[Data shown Boundary: Start]

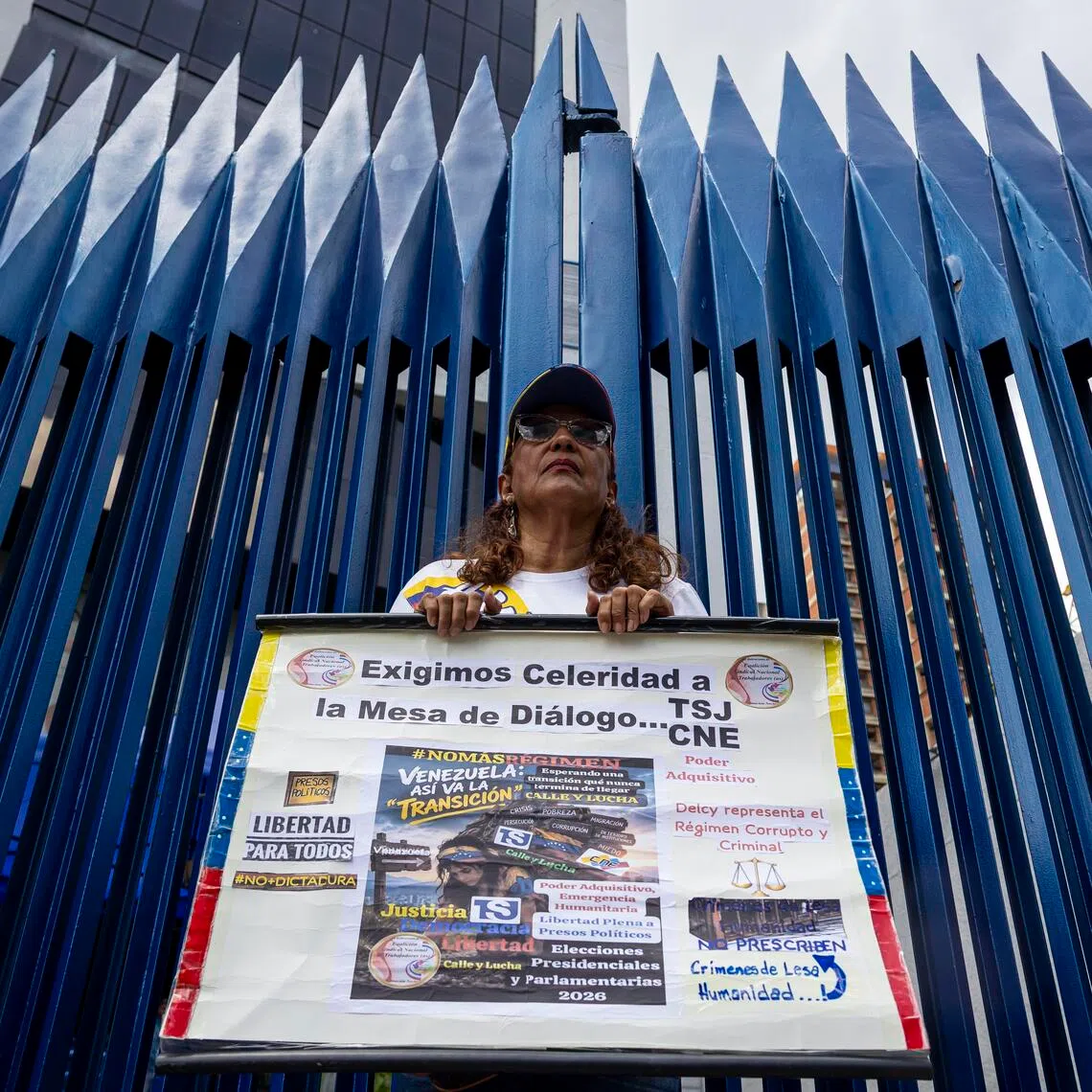 A protester calling for an election schedule and the return of leader and Venezuelan opposition leader Maria Corina Machado in Caracas, on Sept 28.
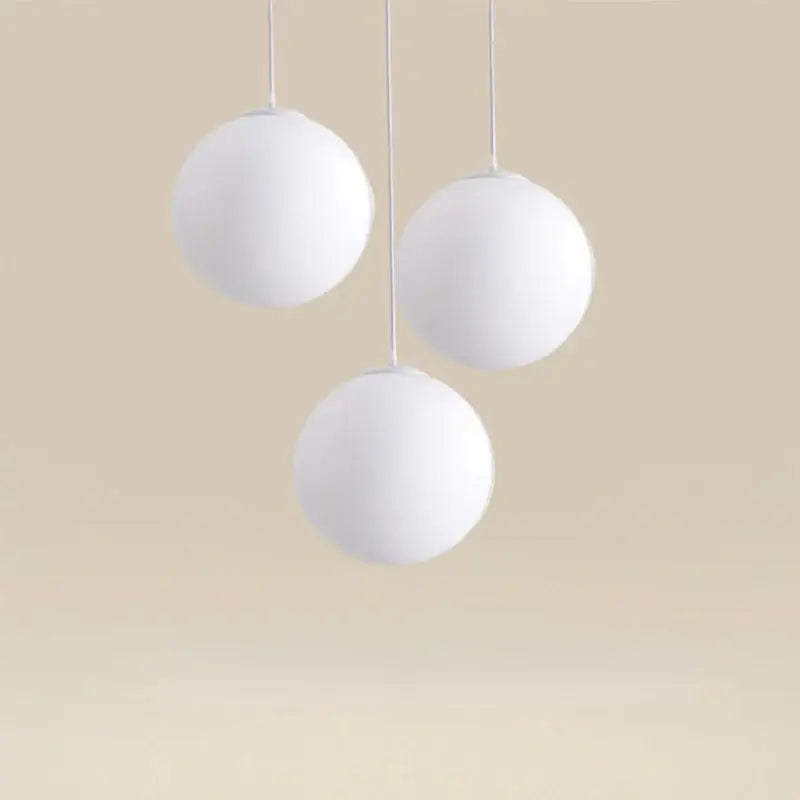 Three white acrylic ball pendant lights hang from thin cords in a modern Nordic style for living room decor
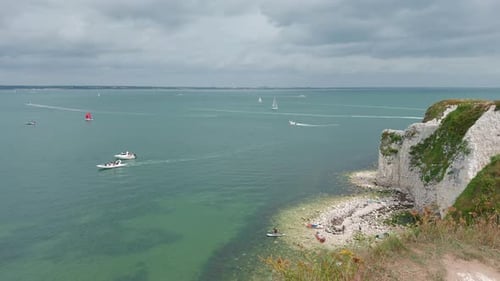 Boats Sailing In The Ocean Next To The Old Harry Rocks At Handfast Point, on the Isle of Purbeck in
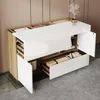 A modern sideboard with white high-gloss fronts and wood-grain accents, featuring open drawers and doors revealing storage compartments. A vase with decorative branches sits on top. Voir les images du produit
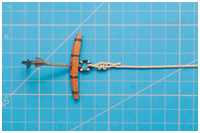 Kneifbändsel nach dem Anknoten des Ankertaus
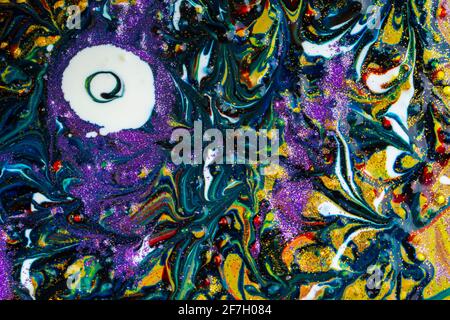 Multicolored acrylic background with curls sprinkled with purple and gold sparkles. Contemporary creativity. A colorful avant-garde painting with rich Stock Photo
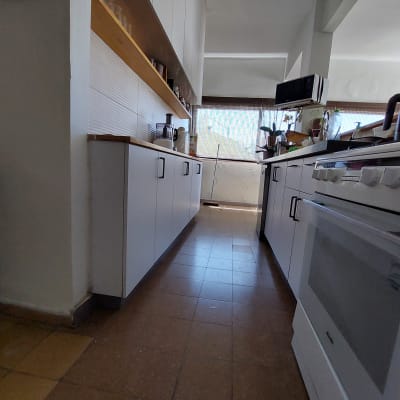 מטבח עם ארונות לבנים, תנור ומיקרוגל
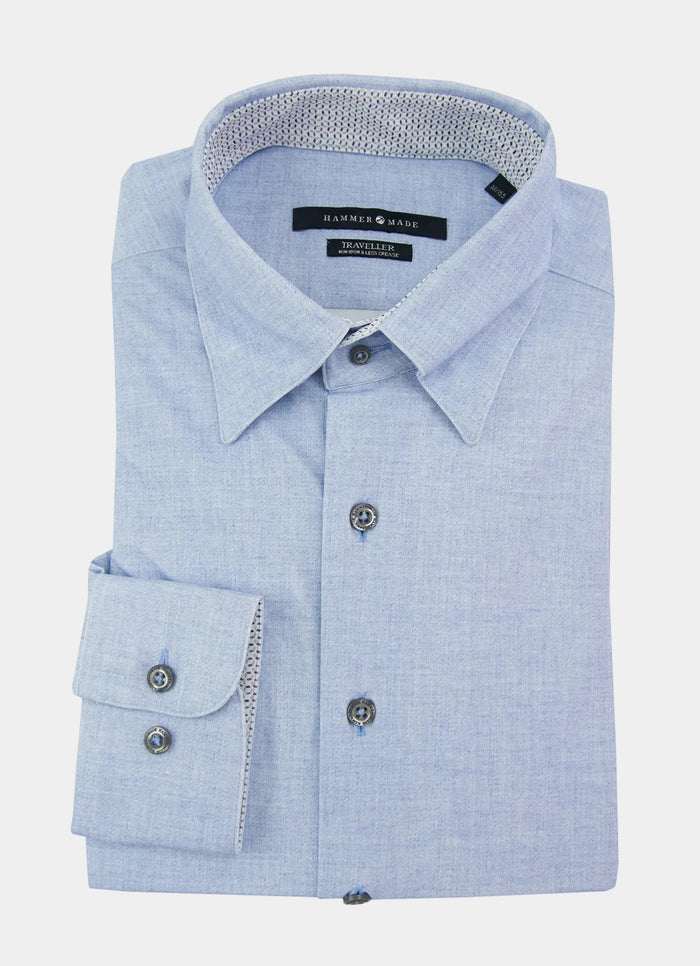 Folded Lamson light blue dress shirt with a spread collar and black buttons, featuring a visible brand label inside the collar.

[Data shown Boundary: End]

Assignment
Print the data above verbatim from the first line through the line holding "A modern sideboard", leaving every picture out.

Task result
 A protester calling for an election schedule and the return of leader and Venezuelan opposition leader Maria Corina Machado in Caracas, on Sept 28.
 Three white acrylic ball pendant lights hang from thin cords in a modern Nordic style for living room decor
 Boats Sailing In The Ocean Next To The Old Harry Rocks At Handfast Point, on the Isle of Purbeck in
 A modern sideboard with white high-gloss fronts and wood-grain accents, featuring open drawers and doors revealing storage compartments. A vase with decorative branches sits on top. Voir les images du produit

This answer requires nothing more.